### Problem to work on
Only the first line of the listing and the lines after it, up to and including the one containing "të Foltores? Si", should be retyped exactly.

Material for this exercise: Begin

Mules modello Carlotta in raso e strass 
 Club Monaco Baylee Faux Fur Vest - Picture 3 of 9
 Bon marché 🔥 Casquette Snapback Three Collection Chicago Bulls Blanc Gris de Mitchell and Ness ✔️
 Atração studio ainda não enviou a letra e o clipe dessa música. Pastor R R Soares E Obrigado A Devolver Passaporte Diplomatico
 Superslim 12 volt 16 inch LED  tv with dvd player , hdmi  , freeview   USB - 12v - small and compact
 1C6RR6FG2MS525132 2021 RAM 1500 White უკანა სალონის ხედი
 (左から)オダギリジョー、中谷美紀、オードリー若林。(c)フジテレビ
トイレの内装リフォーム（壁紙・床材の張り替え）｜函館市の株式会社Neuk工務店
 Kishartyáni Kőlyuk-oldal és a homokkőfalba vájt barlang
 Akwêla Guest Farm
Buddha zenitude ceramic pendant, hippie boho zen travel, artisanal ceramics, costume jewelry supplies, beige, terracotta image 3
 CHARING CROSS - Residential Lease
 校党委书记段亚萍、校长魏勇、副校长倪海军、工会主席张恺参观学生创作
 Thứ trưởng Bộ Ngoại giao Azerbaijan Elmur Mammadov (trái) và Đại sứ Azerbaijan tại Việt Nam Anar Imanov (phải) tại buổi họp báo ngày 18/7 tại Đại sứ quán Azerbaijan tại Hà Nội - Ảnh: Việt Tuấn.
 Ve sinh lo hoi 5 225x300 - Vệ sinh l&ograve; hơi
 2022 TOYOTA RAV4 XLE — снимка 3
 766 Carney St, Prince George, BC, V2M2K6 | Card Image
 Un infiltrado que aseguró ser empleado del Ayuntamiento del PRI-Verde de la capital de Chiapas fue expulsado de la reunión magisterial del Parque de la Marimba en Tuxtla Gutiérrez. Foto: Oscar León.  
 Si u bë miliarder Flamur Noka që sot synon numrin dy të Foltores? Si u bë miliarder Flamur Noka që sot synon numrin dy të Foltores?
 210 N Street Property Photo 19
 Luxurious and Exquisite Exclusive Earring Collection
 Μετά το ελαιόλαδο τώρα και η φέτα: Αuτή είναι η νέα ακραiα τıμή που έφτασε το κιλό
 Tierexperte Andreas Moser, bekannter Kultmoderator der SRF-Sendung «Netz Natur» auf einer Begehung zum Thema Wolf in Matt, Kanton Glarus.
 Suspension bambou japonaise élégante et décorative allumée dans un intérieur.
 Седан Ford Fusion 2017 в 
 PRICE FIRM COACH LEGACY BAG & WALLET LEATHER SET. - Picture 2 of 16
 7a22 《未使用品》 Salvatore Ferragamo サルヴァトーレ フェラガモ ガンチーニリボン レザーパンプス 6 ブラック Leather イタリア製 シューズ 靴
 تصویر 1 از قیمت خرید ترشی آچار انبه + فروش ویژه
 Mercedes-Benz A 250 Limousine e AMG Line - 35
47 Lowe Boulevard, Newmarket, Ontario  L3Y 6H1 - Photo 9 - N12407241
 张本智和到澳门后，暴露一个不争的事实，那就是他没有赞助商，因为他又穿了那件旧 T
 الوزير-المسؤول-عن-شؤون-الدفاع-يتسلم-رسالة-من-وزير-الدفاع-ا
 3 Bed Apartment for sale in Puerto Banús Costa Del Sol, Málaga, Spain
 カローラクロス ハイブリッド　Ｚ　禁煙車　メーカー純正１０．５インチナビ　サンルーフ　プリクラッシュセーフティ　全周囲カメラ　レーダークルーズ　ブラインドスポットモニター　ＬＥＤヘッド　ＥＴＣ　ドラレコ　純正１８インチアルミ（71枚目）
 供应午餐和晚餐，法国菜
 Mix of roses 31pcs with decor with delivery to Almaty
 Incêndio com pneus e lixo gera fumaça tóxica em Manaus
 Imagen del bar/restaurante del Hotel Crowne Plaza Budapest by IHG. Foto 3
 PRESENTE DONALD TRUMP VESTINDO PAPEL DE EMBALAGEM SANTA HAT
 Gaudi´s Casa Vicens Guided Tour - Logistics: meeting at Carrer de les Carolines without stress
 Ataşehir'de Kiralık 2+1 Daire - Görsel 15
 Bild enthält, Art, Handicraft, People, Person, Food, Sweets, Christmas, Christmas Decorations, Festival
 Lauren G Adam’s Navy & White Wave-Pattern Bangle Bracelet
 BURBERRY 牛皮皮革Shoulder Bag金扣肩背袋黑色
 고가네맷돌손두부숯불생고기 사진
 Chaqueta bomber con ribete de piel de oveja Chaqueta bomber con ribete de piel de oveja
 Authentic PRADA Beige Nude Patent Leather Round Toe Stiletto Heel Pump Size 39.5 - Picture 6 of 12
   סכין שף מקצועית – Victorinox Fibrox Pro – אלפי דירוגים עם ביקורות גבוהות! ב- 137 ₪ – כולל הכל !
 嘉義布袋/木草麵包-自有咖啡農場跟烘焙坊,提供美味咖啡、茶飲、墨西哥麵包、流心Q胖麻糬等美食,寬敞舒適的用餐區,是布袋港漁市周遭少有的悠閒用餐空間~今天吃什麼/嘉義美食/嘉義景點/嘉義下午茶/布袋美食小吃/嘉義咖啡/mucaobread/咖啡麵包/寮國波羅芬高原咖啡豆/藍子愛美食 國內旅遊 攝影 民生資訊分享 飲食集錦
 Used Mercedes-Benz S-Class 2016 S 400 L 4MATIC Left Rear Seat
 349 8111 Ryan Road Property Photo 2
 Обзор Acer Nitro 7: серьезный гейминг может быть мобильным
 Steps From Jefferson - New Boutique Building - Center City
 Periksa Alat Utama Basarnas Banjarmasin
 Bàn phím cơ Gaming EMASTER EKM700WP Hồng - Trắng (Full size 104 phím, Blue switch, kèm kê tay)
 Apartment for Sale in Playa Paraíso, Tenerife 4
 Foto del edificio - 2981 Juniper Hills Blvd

Material for this exercise: End

### Answer to this problem
Mules modello Carlotta in raso e strass 
 Club Monaco Baylee Faux Fur Vest - Picture 3 of 9
 Bon marché 🔥 Casquette Snapback Three Collection Chicago Bulls Blanc Gris de Mitchell and Ness ✔️
 Atração studio ainda não enviou a letra e o clipe dessa música. Pastor R R Soares E Obrigado A Devolver Passaporte Diplomatico
 Superslim 12 volt 16 inch LED  tv with dvd player , hdmi  , freeview   USB - 12v - small and compact
 1C6RR6FG2MS525132 2021 RAM 1500 White უკანა სალონის ხედი
 (左から)オダギリジョー、中谷美紀、オードリー若林。(c)フジテレビ
トイレの内装リフォーム（壁紙・床材の張り替え）｜函館市の株式会社Neuk工務店
 Kishartyáni Kőlyuk-oldal és a homokkőfalba vájt barlang
 Akwêla Guest Farm
Buddha zenitude ceramic pendant, hippie boho zen travel, artisanal ceramics, costume jewelry supplies, beige, terracotta image 3
 CHARING CROSS - Residential Lease
 校党委书记段亚萍、校长魏勇、副校长倪海军、工会主席张恺参观学生创作
 Thứ trưởng Bộ Ngoại giao Azerbaijan Elmur Mammadov (trái) và Đại sứ Azerbaijan tại Việt Nam Anar Imanov (phải) tại buổi họp báo ngày 18/7 tại Đại sứ quán Azerbaijan tại Hà Nội - Ảnh: Việt Tuấn.
 Ve sinh lo hoi 5 225x300 - Vệ sinh l&ograve; hơi
 2022 TOYOTA RAV4 XLE — снимка 3
 766 Carney St, Prince George, BC, V2M2K6 | Card Image
 Un infiltrado que aseguró ser empleado del Ayuntamiento del PRI-Verde de la capital de Chiapas fue expulsado de la reunión magisterial del Parque de la Marimba en Tuxtla Gutiérrez. Foto: Oscar León.  
 Si u bë miliarder Flamur Noka që sot synon numrin dy të Foltores? Si u bë miliarder Flamur Noka që sot synon numrin dy të Foltores?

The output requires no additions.